Crystal Organisation of Muscle Attachment Sites of Bivalved Marine Organisms: A Juxtaposition Between Brachiopod and Bivalved Mollusc Shells
Abstract
1. Introduction
2. Materials and Methods
2.1. Materials
2.2. Sample Preparation
2.3. Methods
2.4. Terminology
3. Results
4. Discussion
4.1. The Muscles and Their Attachment to the Attachment Site Crystals
4.2. Are the Muscle Attachment Sites of Rhynchonellata and Bivalvia Convergent in Structure?
- The muscle scar of bivalves is a prominent, protruding structure (Figure 14A), limited in extent to only those valve sections where the muscle bundles directly attach to the valves. For rhynchonellate brachiopods, we observed extensive thickening of the valve portions at and near muscle attachment sites (see Figure 2 for dorsal valves). However, the latter is not only present at the sites of muscle attachments but also extends to regions that surround those valve portions where the brachiopod muscles attach to (Figure 2A, red rectangle in Figure 2B). The innermost layer of the thickened shell portion shows a disturbed microstructure of fractal-like crystals. With distance from the muscle attachment, the layer with the disturbed microstructure thins out and disappears (white arrows in Figure 9H and Figure 11C).

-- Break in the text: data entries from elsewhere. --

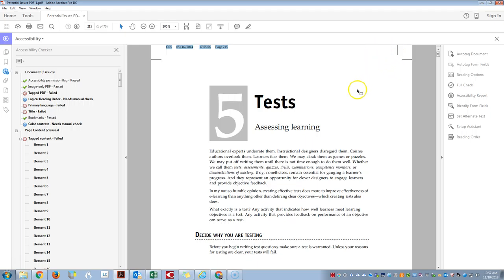If we were going to be taking this document into Word or HTML or to Braille or audio there would be some work that we would need to do to this file.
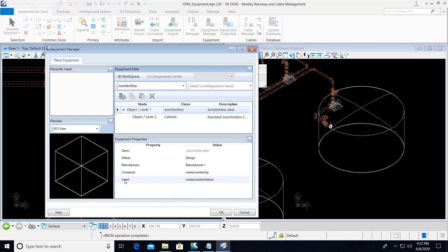Here we can choose insertion point of the actual cable connection relative to the insertion point of the junction box itself. This will be the point at which the cable will be routed.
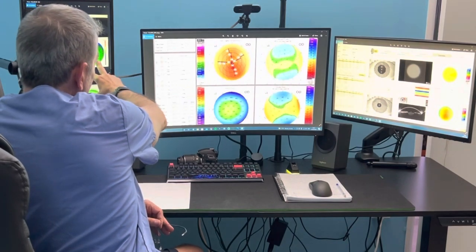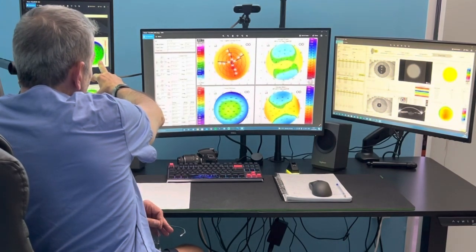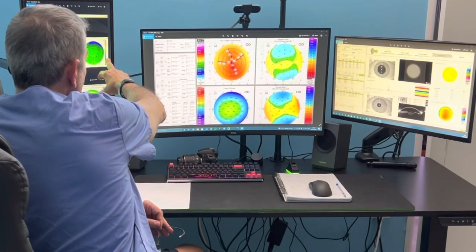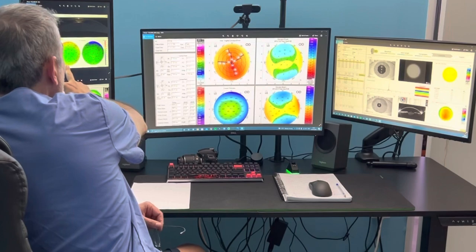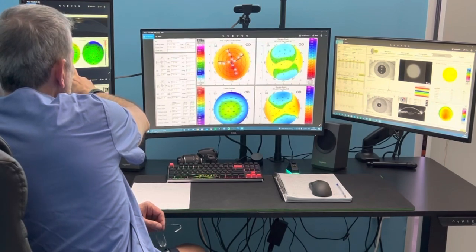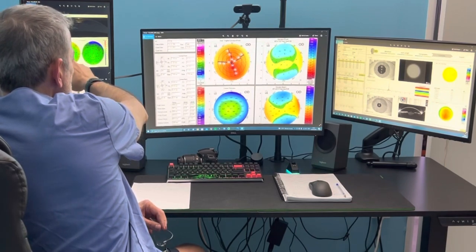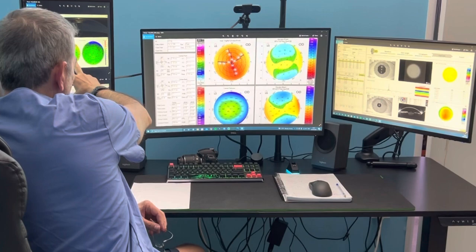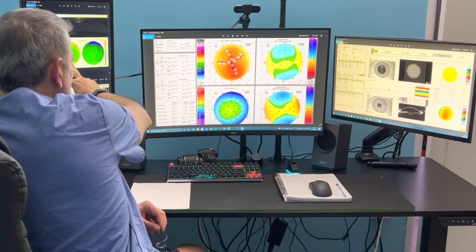We're seeing here this is a young lady. We have relatively good epithelial maps. The cornea thickness, on the other hand, tells me that the distribution of the corneal pachymetry is relatively good.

- One of the most distinctive characteristics is that, in contrast to rhynchonellate brachiopods, the muscle scars of bivalves have a competitive growth-derived microstructure (Figure 14B and [21]). These myostraca consist of prisms with irregular morphologies, assembled in a very specific way that depends upon the microstructure of the adjacent shell layer. This was not observed for the investigated rhynchonellate brachiopod species. As detailed in this contribution, the microstructures of muscle attachment crystals of brachiopod shells are also distinct from the rest of the shell. However, muscle scar crystal formation of brachiopod shells is not generated by competitive growth; the muscle scar crystals have highly irregular morphologies and a very disturbed microstructure (Figure 7, Figure 8 and Figure 14). Irrespective of whether muscle attachment crystals originate from fibres or columns (Figure 11A,B, Figure 12B,C and Figure 13C,D), their morphologies are fractal-like (Figure 10C, Figure 12C and Figure 14C,D) and the crystals interdigitate in 3D,
- The carbonate phase of brachiopod muscle attachment sites is always calcite, while bivalve muscle scars always consist of aragonite, even when the adjacent shell layer is formed of calcite [21]. While the reasons for this are not yet fully understood, it might be due to historical restrictions. The earliest bivalve shells were presumably purely aragonitic, and the ability to secrete calcite microstructures may have developed later in bivalves [87].
- The texture pattern of the brachiopod muscle attachment site crystals is similar to that of the adjacent shell layer, and it is not changed with progressive attachment site crystal growth. At first, bivalves also adopt the texture pattern of the adjacent section of the valves if it contains the same calcium carbonate phase [21]. However, with progressive attachment site crystal growth, the texture of bivalve muscle scar crystals changes slightly [21,23,26].
5. Conclusions
- In rhynchonellate brachiopods, the adductor and diductor muscle bases attach to calcite fibres and to calcite columns.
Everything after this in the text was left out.